TASK OBJECTIVE - The line containing "Natural coloured quilted" and every line after it to the end of the records: set those down exactly, without any pictures.

+ + + +

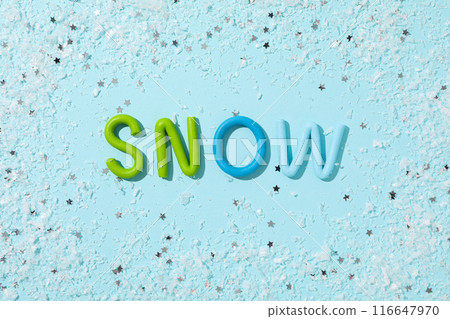 The word "snow" is made of colored plasticine on a blue background. 116647970
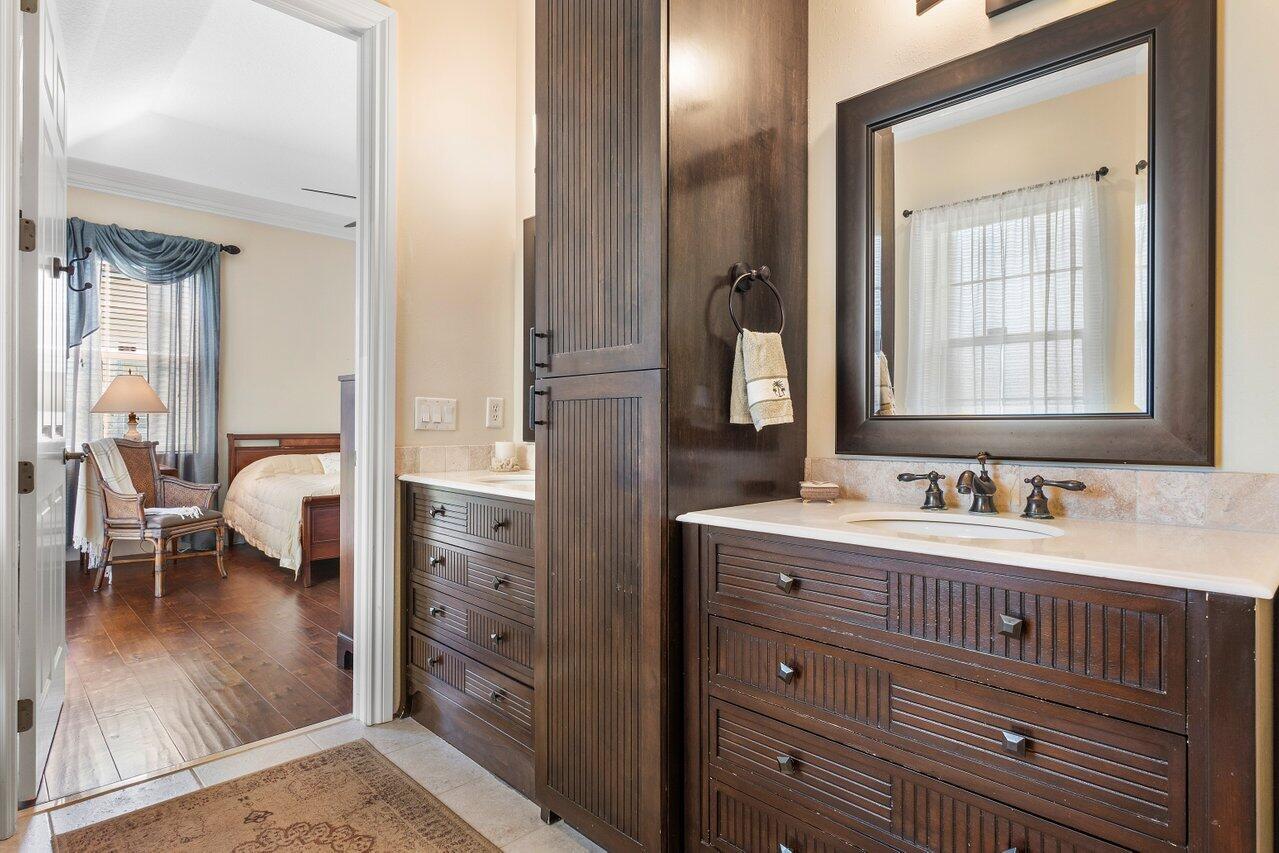 142 Mangrove Bay Way Jupiter, FL 33477 - Photo 12 of 17 a bathroom with a sink a mirror and a bathtub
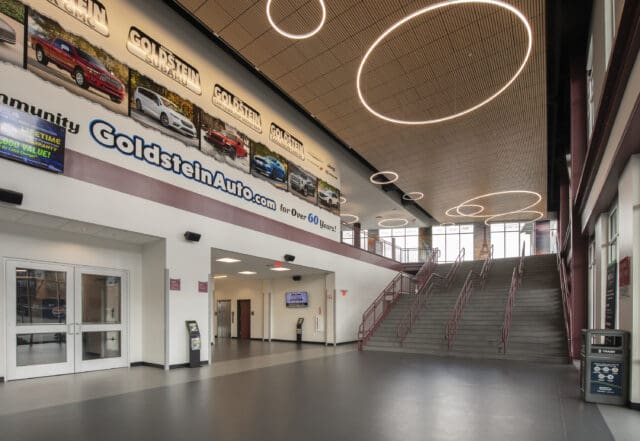 A photograph of the entrance to the M&T Bank Center Arena, including stairs and circular lighting.
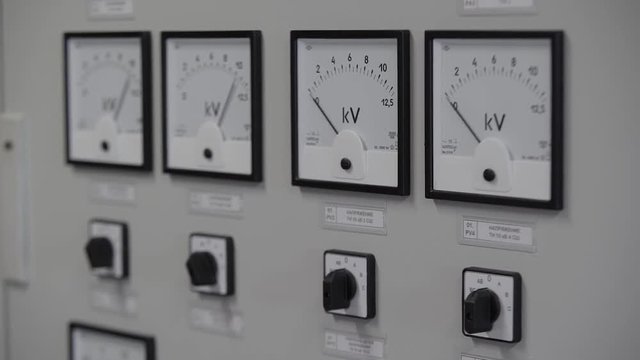 Monitor control in electricity power station. Close up control panel.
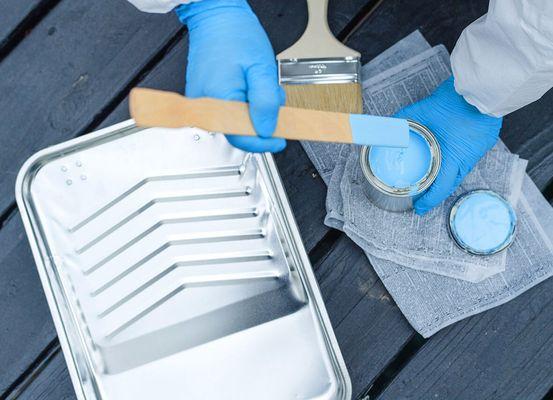 Our technician mixing paint prior to being applied onto wall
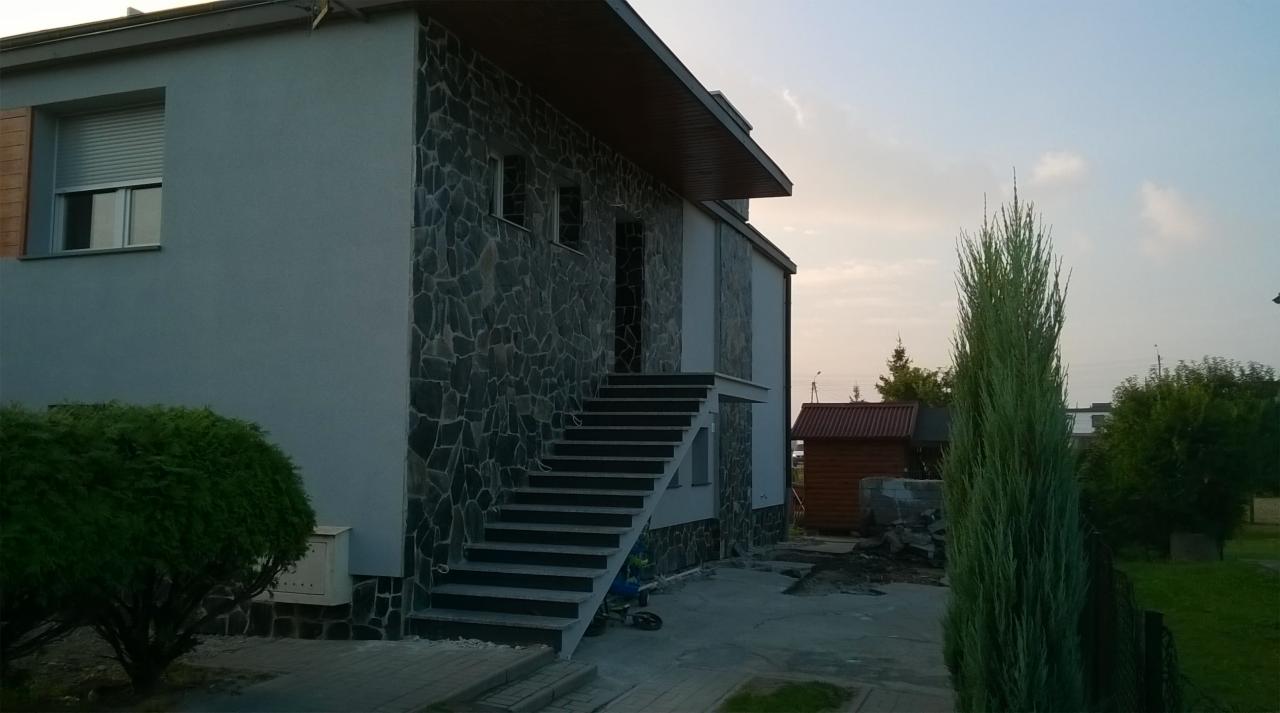 Wykończona elewacja domu z szarego tynku i fragmentami okładziny z ciemnego kamienia łupanego, schody zewnętrzne prowadzące do wejścia na piętro, widok z boku w pochmurny dzień.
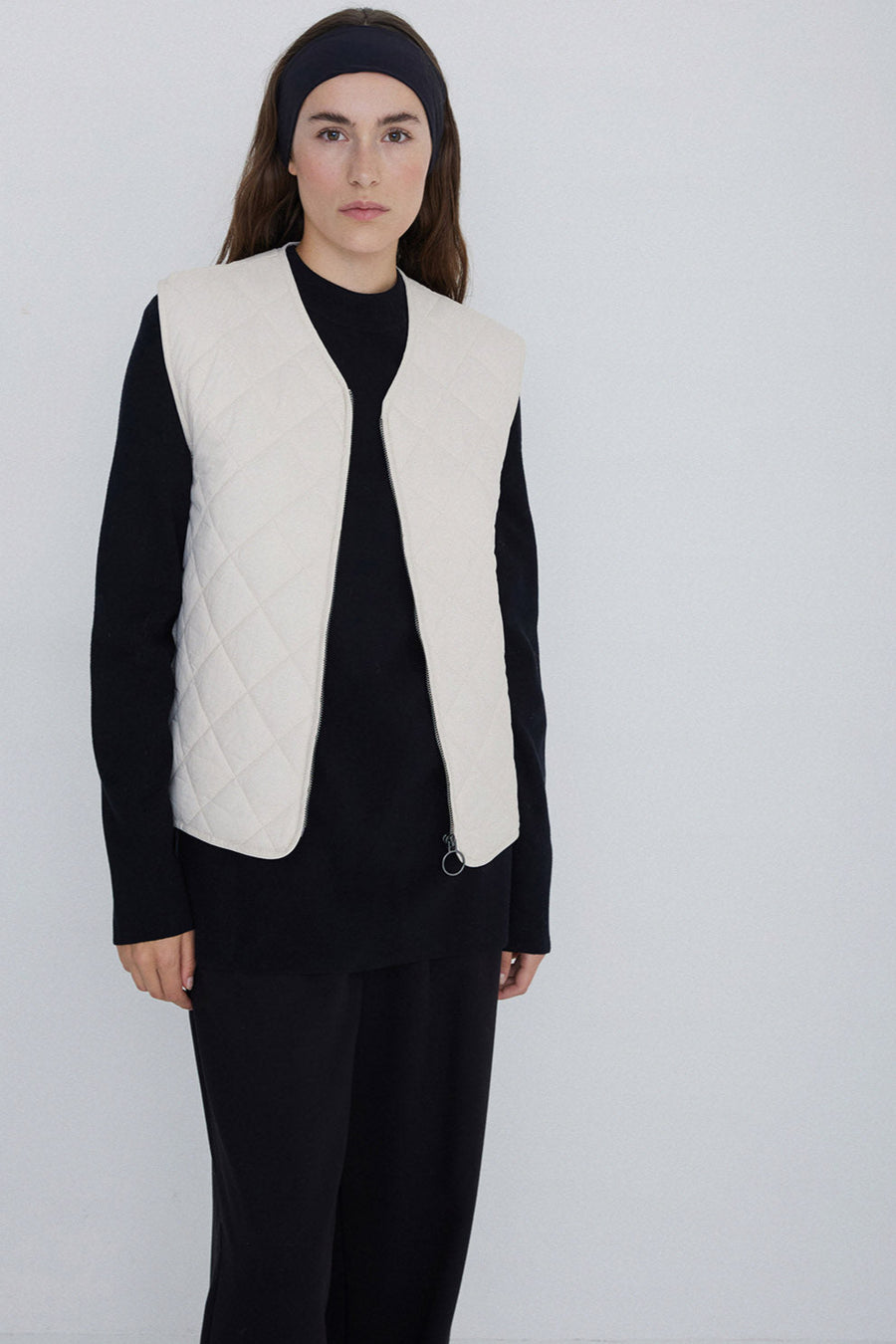 Natural coloured quilted vest with front zip. 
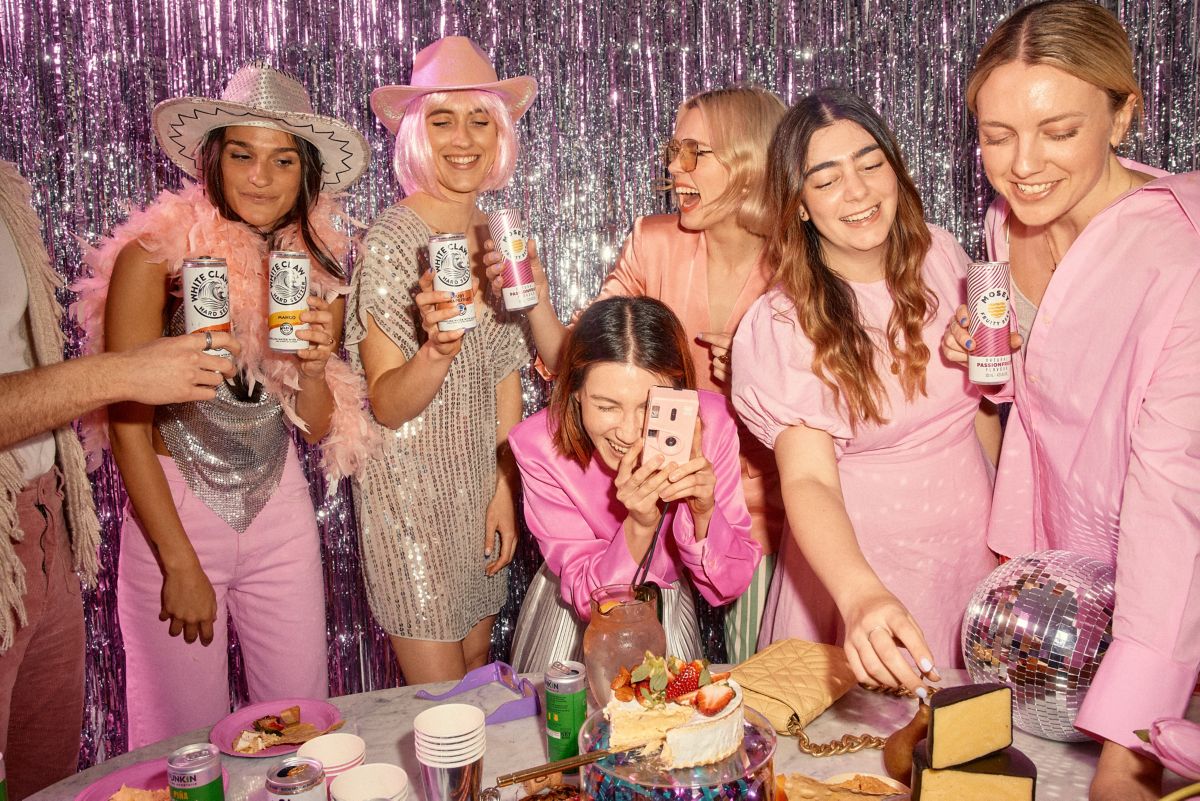Tiny Disco team drinking White Claw seltzers around grazing platter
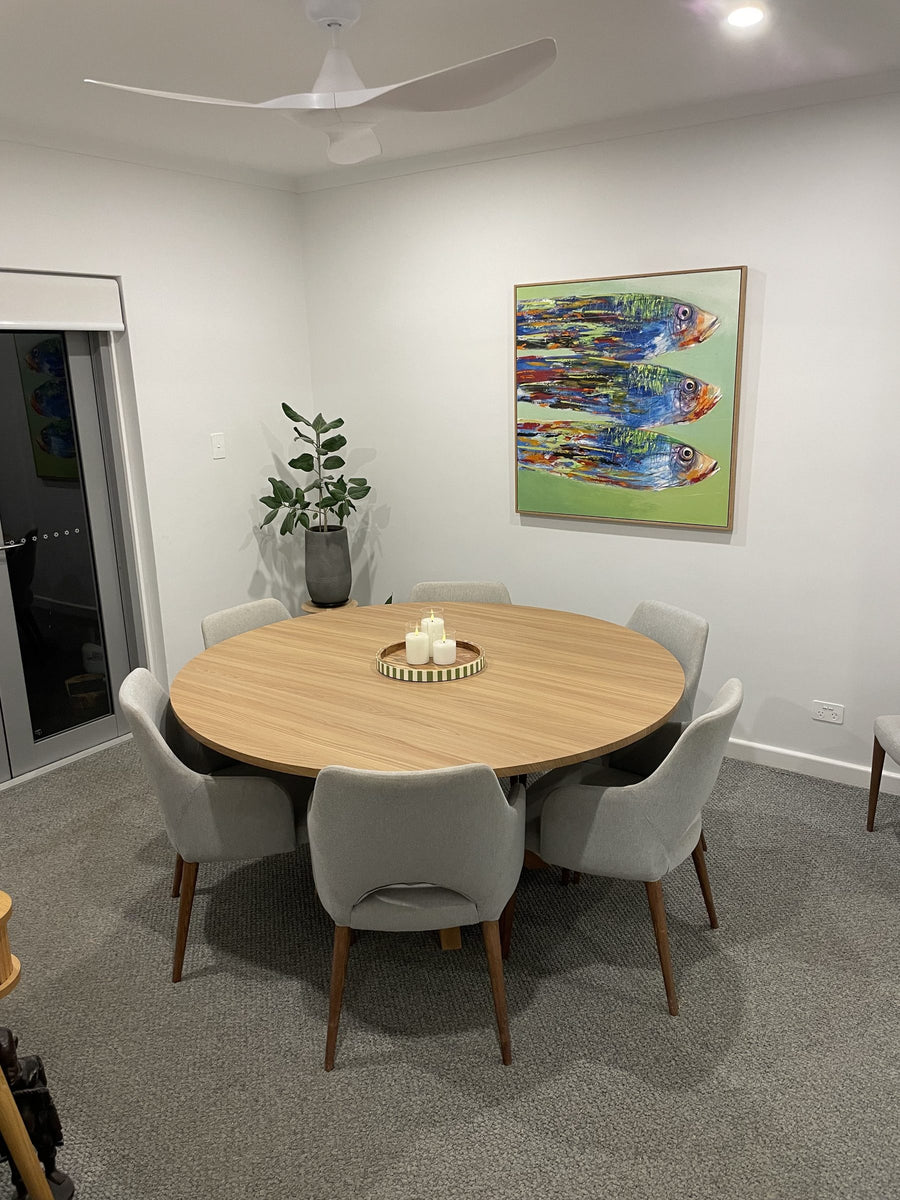Customer dining room with the round table fully wrapped in Toasted Teak wood grain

+ + + +

EXERCISE RESPONSE -
 Natural coloured quilted vest with front zip. 
Tiny Disco team drinking White Claw seltzers around grazing platter
Customer dining room with the round table fully wrapped in Toasted Teak wood grain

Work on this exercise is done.